Historia tych kotletów jest dość zabawna. Amelka kiedyś pokazała mi jakiś przepis na kotlety z kurczaka i tofu. Przeczytałam, ale odrzuciła mnie konieczność smażenia ich na głębokim tłuszczu. Składników nie zapamiętałam. Szykując się do tego przepisu zakupiłyśmy tofu i mięso. Córka spała, a ja chciałam przygotować obiad. Zrobiłam kotlety zgodnie z tym, co pamiętałam. Wyszło tak, że ostatecznie tofu w ogóle nie dodałam, bo zapomniałam. A żeby było zabawniej kotlety postanowiłam nabić na patyki i upiec. Dzieci zbiegły z góry pytając, co tak pięknie pachnie? Zaskoczenie było nieziemskie, gdy uchyliłam drzwiczki piekarnika. Super pomysł, żeby zachęcić dzieci do jedzenia warzyw, które są tu dyskretnie schowane. A patyk robi za element zachęcający do próbowania, bo forma inna, niż zwykle. Można łazić z nadzianym kotletem po całej kuchni i wkurzać mamę 😉
Kotlety pieczone na patyku
(7 sztuk)
Składniki:
- 300 g fileta z kurczaka
 - 2 marchewki
 - 10 cm pora
 - ¼ papryki czerwonej
 - ¼ papryki żółtej
 - 100 g ryżu
 - źdźbło szczypiorku
 - 1 jajko
 - 2 łyżki masła
 - sól, pieprz, curry – do smaku
 
Sposób przygotowania:
- Mięso z kurczaka pokroić w drobną kostkę.
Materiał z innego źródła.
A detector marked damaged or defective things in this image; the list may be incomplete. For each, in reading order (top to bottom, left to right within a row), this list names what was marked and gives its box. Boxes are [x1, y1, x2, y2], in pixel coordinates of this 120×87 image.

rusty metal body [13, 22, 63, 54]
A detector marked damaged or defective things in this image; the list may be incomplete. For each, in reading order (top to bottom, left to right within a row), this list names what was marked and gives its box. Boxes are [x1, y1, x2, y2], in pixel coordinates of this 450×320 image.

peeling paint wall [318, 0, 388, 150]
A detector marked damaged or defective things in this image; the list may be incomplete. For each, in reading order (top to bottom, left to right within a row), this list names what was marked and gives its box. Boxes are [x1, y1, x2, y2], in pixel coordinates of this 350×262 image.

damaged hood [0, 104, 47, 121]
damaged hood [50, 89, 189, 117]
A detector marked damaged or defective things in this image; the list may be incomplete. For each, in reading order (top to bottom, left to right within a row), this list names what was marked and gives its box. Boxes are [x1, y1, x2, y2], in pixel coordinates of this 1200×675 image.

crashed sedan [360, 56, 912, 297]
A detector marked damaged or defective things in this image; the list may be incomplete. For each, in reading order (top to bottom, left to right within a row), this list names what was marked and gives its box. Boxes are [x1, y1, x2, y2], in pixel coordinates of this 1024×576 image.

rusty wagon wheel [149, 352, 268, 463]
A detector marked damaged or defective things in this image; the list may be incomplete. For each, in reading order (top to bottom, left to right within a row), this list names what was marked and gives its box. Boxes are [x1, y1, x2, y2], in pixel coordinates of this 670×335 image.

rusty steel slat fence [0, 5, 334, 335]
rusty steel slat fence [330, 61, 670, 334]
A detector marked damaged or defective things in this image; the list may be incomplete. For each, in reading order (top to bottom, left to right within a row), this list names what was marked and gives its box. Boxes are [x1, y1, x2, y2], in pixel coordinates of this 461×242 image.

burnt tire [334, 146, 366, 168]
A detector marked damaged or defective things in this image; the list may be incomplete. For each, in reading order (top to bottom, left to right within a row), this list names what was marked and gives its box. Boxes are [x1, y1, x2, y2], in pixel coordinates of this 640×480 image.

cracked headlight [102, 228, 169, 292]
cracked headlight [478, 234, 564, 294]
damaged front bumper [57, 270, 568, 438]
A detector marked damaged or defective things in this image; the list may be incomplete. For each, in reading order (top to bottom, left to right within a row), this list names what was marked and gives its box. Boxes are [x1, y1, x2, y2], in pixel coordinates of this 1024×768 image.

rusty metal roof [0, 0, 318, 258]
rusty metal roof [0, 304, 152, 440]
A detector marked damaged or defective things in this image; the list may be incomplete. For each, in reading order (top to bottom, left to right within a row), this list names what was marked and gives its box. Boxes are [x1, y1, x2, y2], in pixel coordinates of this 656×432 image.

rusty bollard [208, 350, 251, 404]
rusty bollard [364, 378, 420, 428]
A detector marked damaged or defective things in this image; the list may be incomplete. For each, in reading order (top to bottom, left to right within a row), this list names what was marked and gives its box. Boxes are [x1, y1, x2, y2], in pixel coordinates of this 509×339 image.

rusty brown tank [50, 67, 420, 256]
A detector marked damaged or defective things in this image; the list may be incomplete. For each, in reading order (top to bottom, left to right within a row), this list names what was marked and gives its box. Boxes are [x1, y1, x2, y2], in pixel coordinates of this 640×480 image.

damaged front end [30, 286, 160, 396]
 - Marchewkę obrać i pokroić słupki, a następnie w kostkę.
 - Pora umyć i posiekać w drobne kawałki.
 - Papryki umyć i pokroić w drobną kostkę.
 - Ryż ugotować al dente i wystudzić.
 - Szczypiorek posiekać.
 - Na rozgrzanym maśle usmażyć kolejno: marchewkę, pora, papryki. Ostudzić.
 - Do miski przełożyć mięso, dodać usmażone warzywa, szczypiorek, ryż. Wbić jajko. Doprawić masę do smaku solą, pieprzem i curry.
 - Blachę piekarnika wyłożyć papierem do pieczenia. Formować podłużne kotlety. W każdy wbić patyczek. Układać na blasze.
 - Piec 30 minut w temperaturze 180 stopni Celsjusza.